▶ **What is required**: Restate the entries word for word, leaving nothing out.

▶ **Data provided**:

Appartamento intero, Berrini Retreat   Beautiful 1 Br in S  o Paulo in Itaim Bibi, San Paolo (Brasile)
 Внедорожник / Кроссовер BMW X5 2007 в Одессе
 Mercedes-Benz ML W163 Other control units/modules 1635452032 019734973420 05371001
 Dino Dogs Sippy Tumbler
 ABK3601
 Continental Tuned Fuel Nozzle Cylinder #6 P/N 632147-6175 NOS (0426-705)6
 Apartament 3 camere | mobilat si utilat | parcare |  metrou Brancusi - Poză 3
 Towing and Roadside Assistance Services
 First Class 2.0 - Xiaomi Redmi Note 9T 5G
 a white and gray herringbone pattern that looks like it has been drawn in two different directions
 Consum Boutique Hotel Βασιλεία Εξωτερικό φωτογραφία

▶ **Task output**:
Appartamento intero, Berrini Retreat   Beautiful 1 Br in S  o Paulo in Itaim Bibi, San Paolo (Brasile)
 Внедорожник / Кроссовер BMW X5 2007 в Одессе
 Mercedes-Benz ML W163 Other control units/modules 1635452032 019734973420 05371001
 Dino Dogs Sippy Tumbler
 ABK3601
 Continental Tuned Fuel Nozzle Cylinder #6 P/N 632147-6175 NOS (0426-705)6
 Apartament 3 camere | mobilat si utilat | parcare |  metrou Brancusi - Poză 3
 Towing and Roadside Assistance Services
 First Class 2.0 - Xiaomi Redmi Note 9T 5G
 a white and gray herringbone pattern that looks like it has been drawn in two different directions
 Consum Boutique Hotel Βασιλεία Εξωτερικό φωτογραφία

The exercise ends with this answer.